Data Access and Input
Chris Myers (CAC), Jeff Sale (SDSC)
Cornell Center for Advanced Computing and San Diego Supercomputing Center
Revisions: 6/2023, 2/2020 (original)
In most cases, the data you want to analyze lives somewhere outside of your program, and you need to read it in. Hopefully the data are in some standardized format so that you do not have to write a custom parser to read it, or are sufficiently structured that such a parser is not nearly as big as the dataset that it is intended to read.
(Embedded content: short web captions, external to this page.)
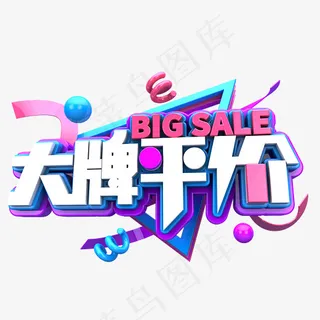 大牌平价促销活动主题艺术字下载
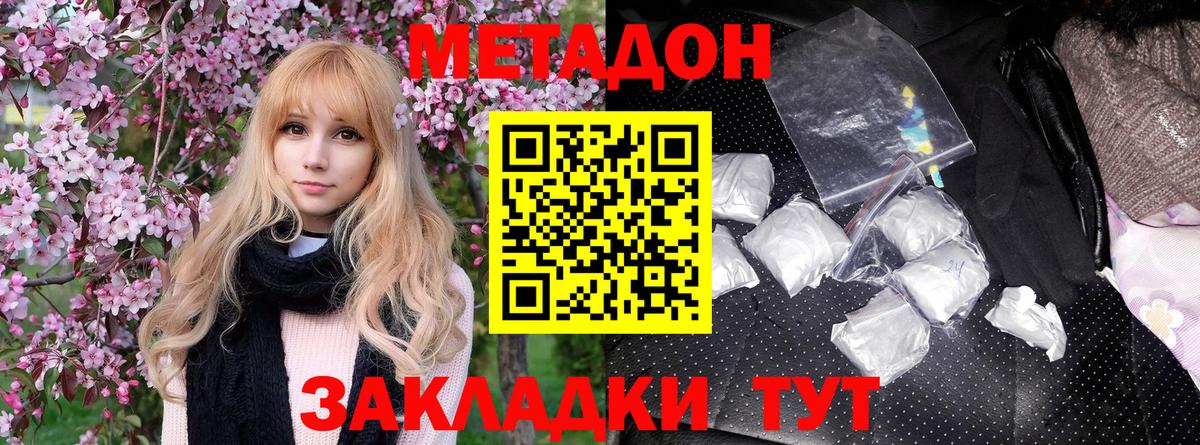 МЕТАДОН methadone  Метадон мёд  Зерноград  Вход с VPN 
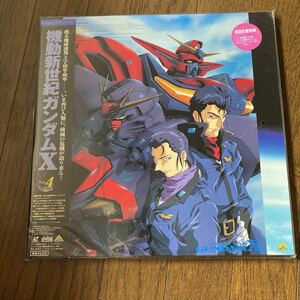  unopened new goods dead stock warehouse storage goods LD laser disk Mobile Suit Gundam X BELL-946 vol.4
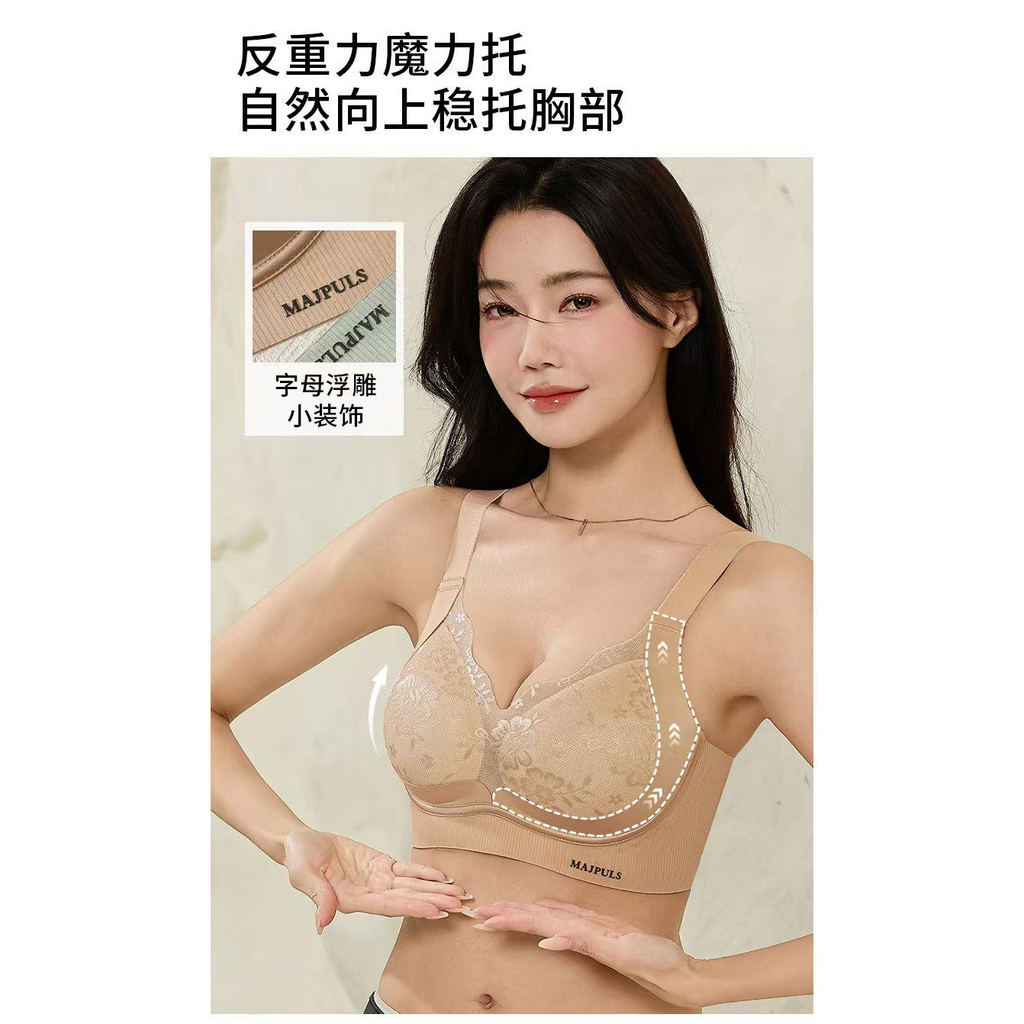 Nâng Massage Cố định Cốc mỏng Áo ngực có thể điều chỉnh thoáng khí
We will not cover lower-level Python I/O here (e.g., file reads/writes), but focus instead on a few common scenarios that one might encounter in accessing and importing data:
- Reading structured data (e.g., arrays and tables) from files and spreadsheets
- Reading data tables from SQL databases
- Accessing data through an API
Objectives
After you complete this segment, you should be able to:
- Understand the structure of NumPy arrays and Pandas DataFrames
- Use I/O to read in NumPy arrays and Pandas dataframes
- Describe how to interface to a SQL database via Pandas
- Discuss different avenues for accessing data, such as files, databases, and APIs
Prerequisites
This tutorial assumes the reader has some working knowledge of general programming concepts, even if not directly with the Python programming language. The target audience is scientists and engineers who are already programming in Python, and are interested in using Python tools and packages to carry out various analyses of datasets. If additional introductory material about Python is needed, readers can consult An Introduction to Python as well as the documentation on the python.org website.